US policy decisions and China’s economic numbers would be the trendsetters of commodities in 2023
The Russia-Ukraine war, US Fed’s aggressive rate hikes, and persistent worries about China’s economy cast extreme volatility in commodity prices throughout 2022.
There was an abrupt rise in commodity prices when Russia invaded Ukraine in the last week of February. Supply constraints and worries about inflation have helped prices to surge to their record or multi-year highs.
The war has also caused tremendous amount of human suffering and a significant blow to the global economy.
Meanwhile, a two-decade-high US dollar and concerns over the economic downturn in China, the largest commodity consumer, eased most of such gains in the second half of the year.
The aggressive US rate hikes had a significant cascading impact across emerging market economies.
After keeping interest rates near zero since the beginning of Covid, the US FOMC started raising interest rates in the first quarter of the year. The US Fed now hoisted rates seven times in 2022, raising the base policy rate by more than 4 percent.
US rate hike caused a withdrawal of investment from emerging economies. This is due to investors shifting to the perceived safety of the US dollar, which is now more attractive with higher interest rates.

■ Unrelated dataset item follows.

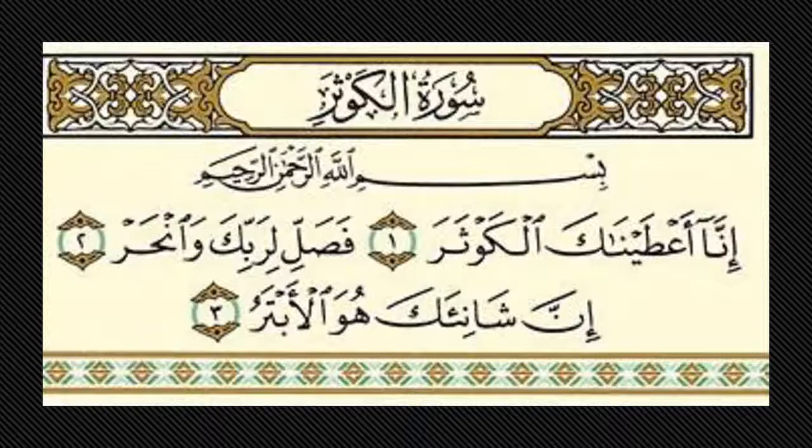As Allah subhanahu wa ta'ala mentions: 'Kitabun anzalnahu' — the book that We have sent down, a blessed book, with its signs for you to ponder over, and for the ones with intellect to remind and remember. After you have pondered, you remember. Only the ones that are Ulul al-baab — those who have intellect, think, and go beyond the surface — are the ones who will benefit.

Taking cues from the US Fed, central banks across the world simultaneously hike interest rates in response to inflation.
Precious metals opened on a positive note and extended their bullish rally in the first quarter. Since March, overseas gold prices have lost their momentum and traded choppy.

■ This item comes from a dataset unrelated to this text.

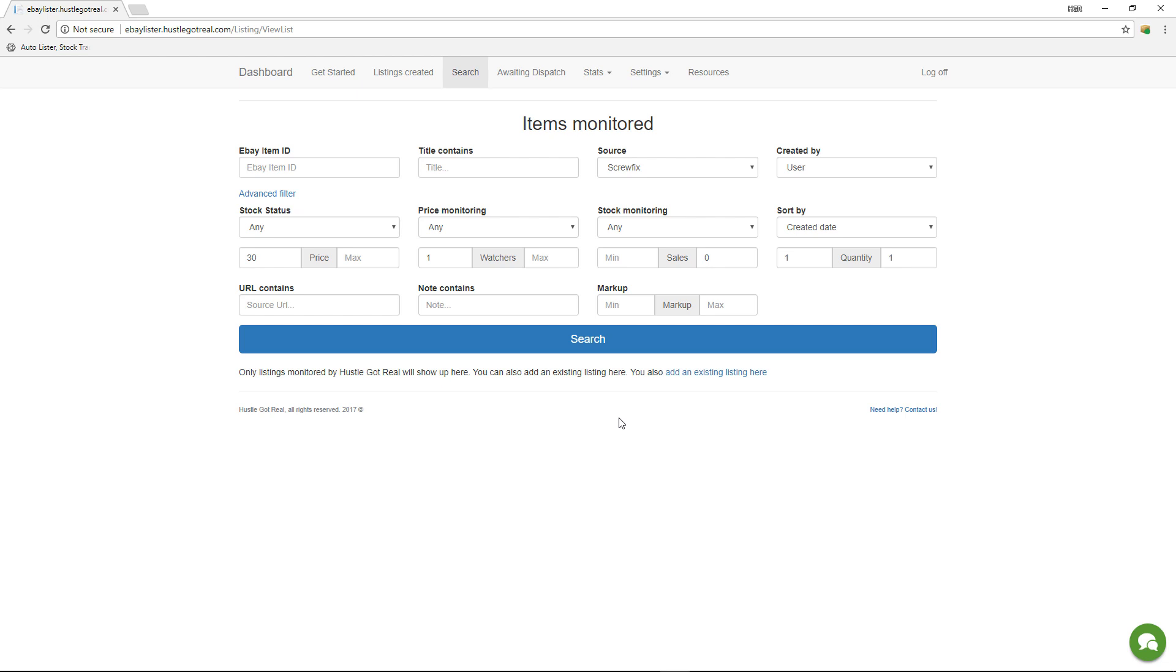go onto eBay to perform this operation, because eBay doesn't have the information that says that particular item ID has been listed from Scrufix.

Meanwhile, domestic gold prices surged to near-record highs and traded solid. So far since January, gold in the Indian futures market gained about 15 percent. Prevailing domestic demand and the weak Indian rupee supported the trend.
Aftermath the of Russia’s invasion of Ukraine, the former has been facing several economic sanctions from the US and European Union. This includes freezing the assets of the Russian central bank, barring Russian banks from international transactions, and an embargo on Russian oil and gas.

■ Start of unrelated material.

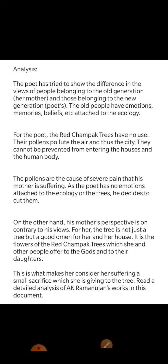In this poem, the poet tries to show the difference in the views of people belonging to the old generation and those of the new generation. The old people have emotions, memories, and beliefs attached to ecology. For the poet, the red Champak trees have no use — their pollens pollute the air and drift into the city, and cannot be prevented from entering houses and the human body. On the other hand, his mother's perspective is contrary. For her, the tree is not just a tree but a good omen for her and her house. It is the flowers of the red Champak trees which she and other people offer to the gods and to their daughters, making her consider her suffering a small sacrifice for the tree.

As global supplies were already tight, the Russian invasion caused a negative supply shock disrupting supply of oil and gas as the country is the leading exporter of energy products in the world market.
Europe was the largest consumer of Russian fuel. Since Russia started cutting energy supplies to European countries, there was a severe energy crisis in the entire region leading to surging inflation.
Meanwhile, crude oil prices in key NYMEX platforms hit a fourteen-year high in March. Although prices cooled down from their near-record highs, the commodity remains extremely volatile due to uncertain macroeconomic conditions.
Supply uncertainties skyrocketed base metals prices in the first three months of the year but cooled down later. Feeble demand from China weighed down the base metals in the second half of the year.
China is the largest consumer of industrial metals and accounted for more than 50 percent of the total global consumption value.
Demand from China has deteriorated due to a deepening economic slowdown. A combination of factors like strict pandemic-related lockdowns and a weak property market adversely hit the metal complex.
Looking ahead, commodity prices will remain volatile in the coming year. Despite high bank rates and a strong US dollar, domestic gold prices are likely to perform well due to stable domestic demand and a weak INR. Oil and other industrial metals possibly perform lacklustre in the immediate run due to feeble China demand and the strengthening of US dollar.
Anyhow traders continue to take cues from the US Fed’s policy decisions and China’s economic numbers to set a medium to long-run direction on commodities.